START Data for processing

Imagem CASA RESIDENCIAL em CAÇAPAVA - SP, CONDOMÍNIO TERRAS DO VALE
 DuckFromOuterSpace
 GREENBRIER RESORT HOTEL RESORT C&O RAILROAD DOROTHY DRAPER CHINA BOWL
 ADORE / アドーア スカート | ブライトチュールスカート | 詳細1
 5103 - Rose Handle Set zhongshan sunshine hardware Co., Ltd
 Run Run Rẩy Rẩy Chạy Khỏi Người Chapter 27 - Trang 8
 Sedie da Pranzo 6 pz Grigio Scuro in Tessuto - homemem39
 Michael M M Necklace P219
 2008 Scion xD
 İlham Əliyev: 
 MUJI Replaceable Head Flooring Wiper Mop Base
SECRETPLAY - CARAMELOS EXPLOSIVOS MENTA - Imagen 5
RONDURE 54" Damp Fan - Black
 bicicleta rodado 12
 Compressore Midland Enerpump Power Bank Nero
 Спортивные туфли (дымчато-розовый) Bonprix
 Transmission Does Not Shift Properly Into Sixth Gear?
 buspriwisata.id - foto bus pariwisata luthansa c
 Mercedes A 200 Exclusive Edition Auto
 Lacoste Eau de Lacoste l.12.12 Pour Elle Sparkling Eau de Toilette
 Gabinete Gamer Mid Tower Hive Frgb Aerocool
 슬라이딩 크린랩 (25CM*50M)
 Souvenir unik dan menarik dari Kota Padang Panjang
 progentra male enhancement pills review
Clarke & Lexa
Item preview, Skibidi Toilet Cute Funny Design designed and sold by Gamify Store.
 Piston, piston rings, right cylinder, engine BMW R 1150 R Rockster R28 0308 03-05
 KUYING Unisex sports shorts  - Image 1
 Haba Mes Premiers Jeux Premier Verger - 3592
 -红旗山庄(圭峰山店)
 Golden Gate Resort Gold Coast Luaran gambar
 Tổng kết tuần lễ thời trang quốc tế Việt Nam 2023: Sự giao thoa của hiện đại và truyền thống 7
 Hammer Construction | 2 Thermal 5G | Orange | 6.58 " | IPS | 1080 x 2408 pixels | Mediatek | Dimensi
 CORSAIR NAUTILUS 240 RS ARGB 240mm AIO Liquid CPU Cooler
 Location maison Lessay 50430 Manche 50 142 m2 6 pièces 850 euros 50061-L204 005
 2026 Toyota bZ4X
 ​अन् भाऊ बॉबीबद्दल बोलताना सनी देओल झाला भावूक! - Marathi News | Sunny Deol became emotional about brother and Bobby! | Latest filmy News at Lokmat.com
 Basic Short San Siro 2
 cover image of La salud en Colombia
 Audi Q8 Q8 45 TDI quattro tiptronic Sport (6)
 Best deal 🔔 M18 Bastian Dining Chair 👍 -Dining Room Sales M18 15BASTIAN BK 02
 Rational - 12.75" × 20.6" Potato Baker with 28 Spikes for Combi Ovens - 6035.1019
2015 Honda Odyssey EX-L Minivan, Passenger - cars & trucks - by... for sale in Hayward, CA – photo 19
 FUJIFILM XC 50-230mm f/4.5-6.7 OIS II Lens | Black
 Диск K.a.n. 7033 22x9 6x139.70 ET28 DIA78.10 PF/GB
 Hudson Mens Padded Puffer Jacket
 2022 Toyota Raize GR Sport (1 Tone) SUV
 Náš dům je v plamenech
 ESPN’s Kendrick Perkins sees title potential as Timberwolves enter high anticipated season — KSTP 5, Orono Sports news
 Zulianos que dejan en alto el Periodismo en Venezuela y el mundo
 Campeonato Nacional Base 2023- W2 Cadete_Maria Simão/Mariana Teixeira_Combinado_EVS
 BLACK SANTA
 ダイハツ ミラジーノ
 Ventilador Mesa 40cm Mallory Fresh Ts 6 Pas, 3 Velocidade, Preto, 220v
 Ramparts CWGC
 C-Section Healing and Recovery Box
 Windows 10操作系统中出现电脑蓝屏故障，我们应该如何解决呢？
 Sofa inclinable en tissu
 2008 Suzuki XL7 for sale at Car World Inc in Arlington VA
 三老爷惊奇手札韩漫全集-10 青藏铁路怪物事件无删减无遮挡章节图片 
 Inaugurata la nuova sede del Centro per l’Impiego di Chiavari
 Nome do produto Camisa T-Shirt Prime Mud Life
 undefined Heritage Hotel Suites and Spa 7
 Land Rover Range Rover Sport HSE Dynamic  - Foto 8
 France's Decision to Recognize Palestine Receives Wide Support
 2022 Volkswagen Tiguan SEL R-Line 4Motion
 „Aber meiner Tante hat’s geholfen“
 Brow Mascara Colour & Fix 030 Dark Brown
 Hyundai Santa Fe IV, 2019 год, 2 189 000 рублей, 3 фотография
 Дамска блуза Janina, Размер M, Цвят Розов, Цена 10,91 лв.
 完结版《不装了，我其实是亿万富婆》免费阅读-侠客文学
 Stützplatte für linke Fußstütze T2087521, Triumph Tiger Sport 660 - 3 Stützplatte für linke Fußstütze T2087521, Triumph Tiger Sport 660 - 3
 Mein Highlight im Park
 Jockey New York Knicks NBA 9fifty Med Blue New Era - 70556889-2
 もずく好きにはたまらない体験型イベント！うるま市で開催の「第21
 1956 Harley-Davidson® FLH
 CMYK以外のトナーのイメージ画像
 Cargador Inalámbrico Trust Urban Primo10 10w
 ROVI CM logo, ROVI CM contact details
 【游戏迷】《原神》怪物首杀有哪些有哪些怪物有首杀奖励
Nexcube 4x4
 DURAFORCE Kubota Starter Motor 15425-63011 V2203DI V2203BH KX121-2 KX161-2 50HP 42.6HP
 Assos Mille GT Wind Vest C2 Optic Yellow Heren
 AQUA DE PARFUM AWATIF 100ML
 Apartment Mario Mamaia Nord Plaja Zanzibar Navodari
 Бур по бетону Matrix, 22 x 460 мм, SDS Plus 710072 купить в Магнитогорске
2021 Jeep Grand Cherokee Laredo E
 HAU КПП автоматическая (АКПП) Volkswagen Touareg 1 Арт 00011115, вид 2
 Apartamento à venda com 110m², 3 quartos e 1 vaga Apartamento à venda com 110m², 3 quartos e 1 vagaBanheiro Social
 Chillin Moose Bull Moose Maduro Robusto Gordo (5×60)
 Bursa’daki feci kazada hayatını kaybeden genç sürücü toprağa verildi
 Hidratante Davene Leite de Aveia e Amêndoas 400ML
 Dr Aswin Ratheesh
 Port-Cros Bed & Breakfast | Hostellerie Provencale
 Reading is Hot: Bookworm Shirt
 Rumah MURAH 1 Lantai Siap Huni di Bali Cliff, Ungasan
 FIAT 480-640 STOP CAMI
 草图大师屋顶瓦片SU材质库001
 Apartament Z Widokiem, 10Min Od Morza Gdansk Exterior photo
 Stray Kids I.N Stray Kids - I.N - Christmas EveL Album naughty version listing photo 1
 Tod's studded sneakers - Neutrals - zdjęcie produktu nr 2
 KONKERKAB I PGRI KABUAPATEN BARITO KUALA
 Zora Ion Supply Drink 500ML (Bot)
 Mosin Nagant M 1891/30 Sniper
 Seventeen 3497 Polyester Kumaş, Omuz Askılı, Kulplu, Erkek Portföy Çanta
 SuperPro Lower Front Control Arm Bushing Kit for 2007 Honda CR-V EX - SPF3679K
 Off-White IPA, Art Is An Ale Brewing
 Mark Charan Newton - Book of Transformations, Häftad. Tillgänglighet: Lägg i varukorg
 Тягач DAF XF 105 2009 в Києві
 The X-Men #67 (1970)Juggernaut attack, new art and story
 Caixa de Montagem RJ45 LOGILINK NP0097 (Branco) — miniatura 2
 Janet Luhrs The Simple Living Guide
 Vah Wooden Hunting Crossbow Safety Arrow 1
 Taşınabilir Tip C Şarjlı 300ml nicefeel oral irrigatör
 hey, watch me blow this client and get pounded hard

END Data for processing

Exactly the lines above from the one with "2015 Honda Odyssey" to the one with "Sofa inclinable en tissu", both included, are to be quoted; leave the rest out.

2015 Honda Odyssey EX-L Minivan, Passenger - cars & trucks - by... for sale in Hayward, CA – photo 19
 FUJIFILM XC 50-230mm f/4.5-6.7 OIS II Lens | Black
 Диск K.a.n. 7033 22x9 6x139.70 ET28 DIA78.10 PF/GB
 Hudson Mens Padded Puffer Jacket
 2022 Toyota Raize GR Sport (1 Tone) SUV
 Náš dům je v plamenech
 ESPN’s Kendrick Perkins sees title potential as Timberwolves enter high anticipated season — KSTP 5, Orono Sports news
 Zulianos que dejan en alto el Periodismo en Venezuela y el mundo
 Campeonato Nacional Base 2023- W2 Cadete_Maria Simão/Mariana Teixeira_Combinado_EVS
 BLACK SANTA
 ダイハツ ミラジーノ
 Ventilador Mesa 40cm Mallory Fresh Ts 6 Pas, 3 Velocidade, Preto, 220v
 Ramparts CWGC
 C-Section Healing and Recovery Box
 Windows 10操作系统中出现电脑蓝屏故障，我们应该如何解决呢？
 Sofa inclinable en tissu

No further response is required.